PROBLEM TO SOLVE:
For the listing below, the answer is an exact retyping of the lines from the one with "Timer and Remote" through the one with "Animation of data", both included, without pictures.

SOURCE MATERIAL:
========================

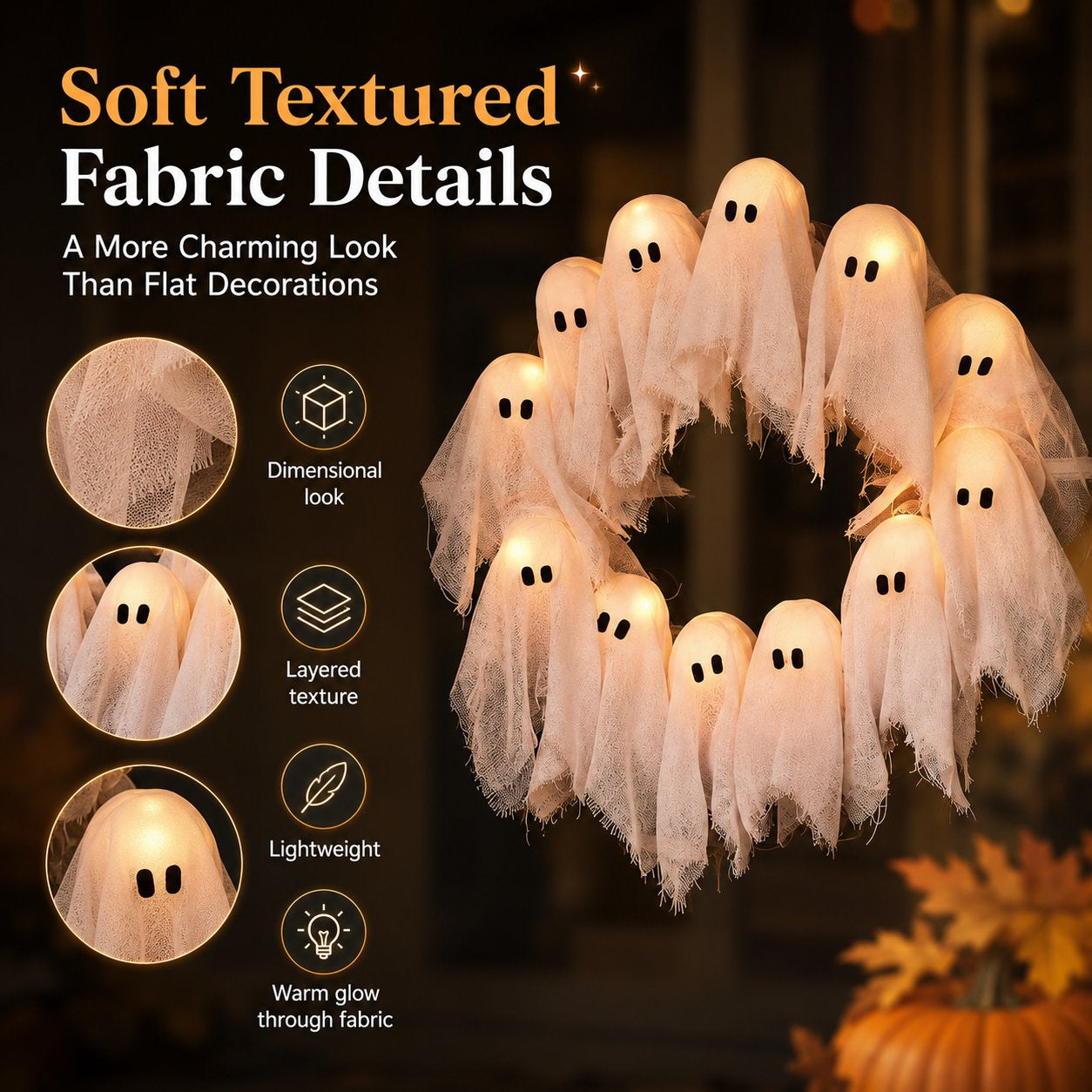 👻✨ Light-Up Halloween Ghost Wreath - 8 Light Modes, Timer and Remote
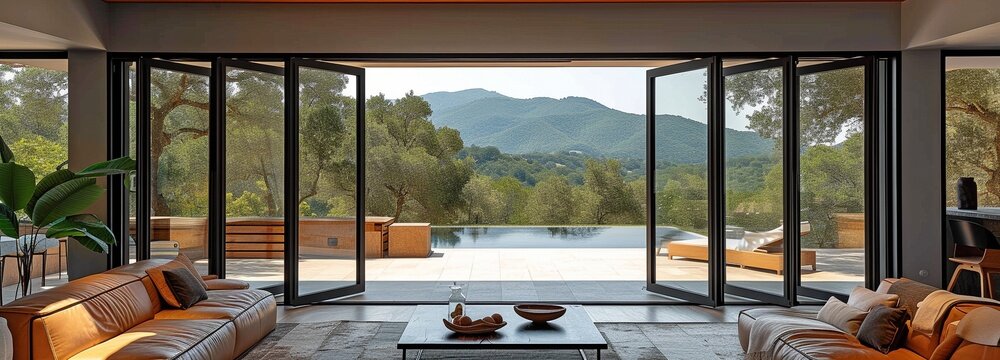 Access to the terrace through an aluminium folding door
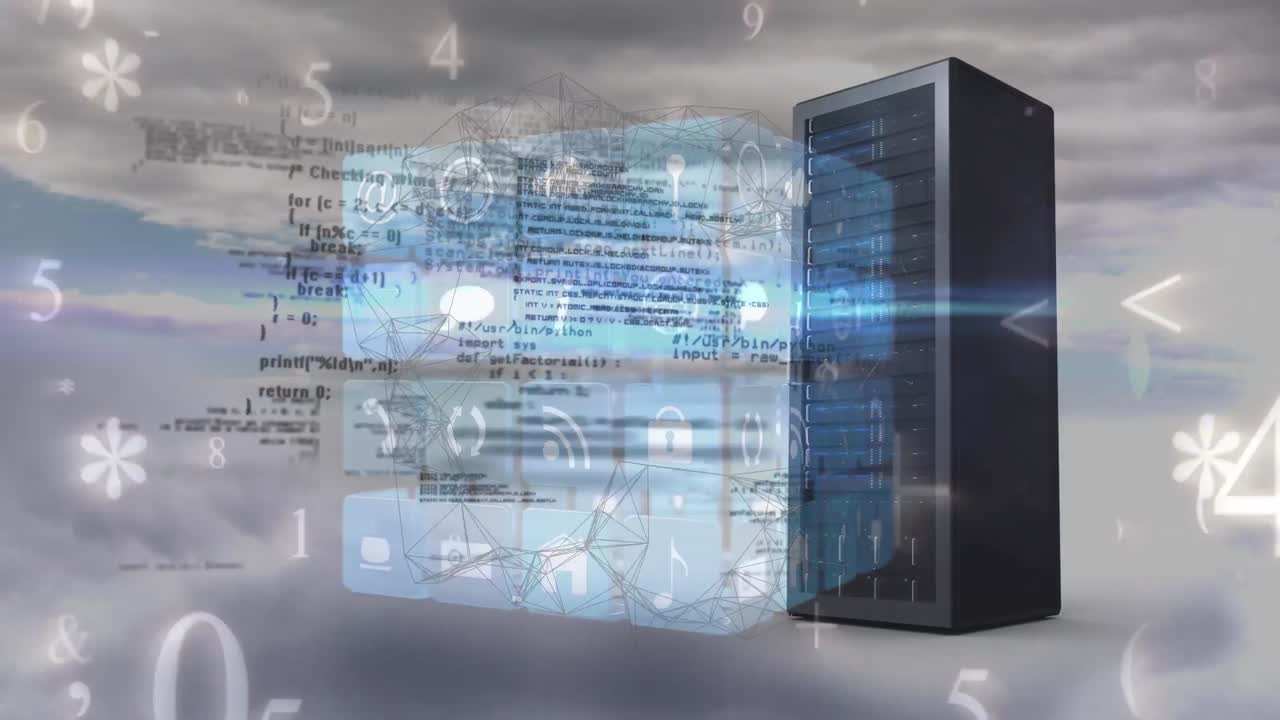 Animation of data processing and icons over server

========================

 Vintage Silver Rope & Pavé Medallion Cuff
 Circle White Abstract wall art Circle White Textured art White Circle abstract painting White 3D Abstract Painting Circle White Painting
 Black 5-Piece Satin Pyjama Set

========================

WRITTEN RESPONSE:
 👻✨ Light-Up Halloween Ghost Wreath - 8 Light Modes, Timer and Remote
 Access to the terrace through an aluminium folding door
 Animation of data processing and icons over server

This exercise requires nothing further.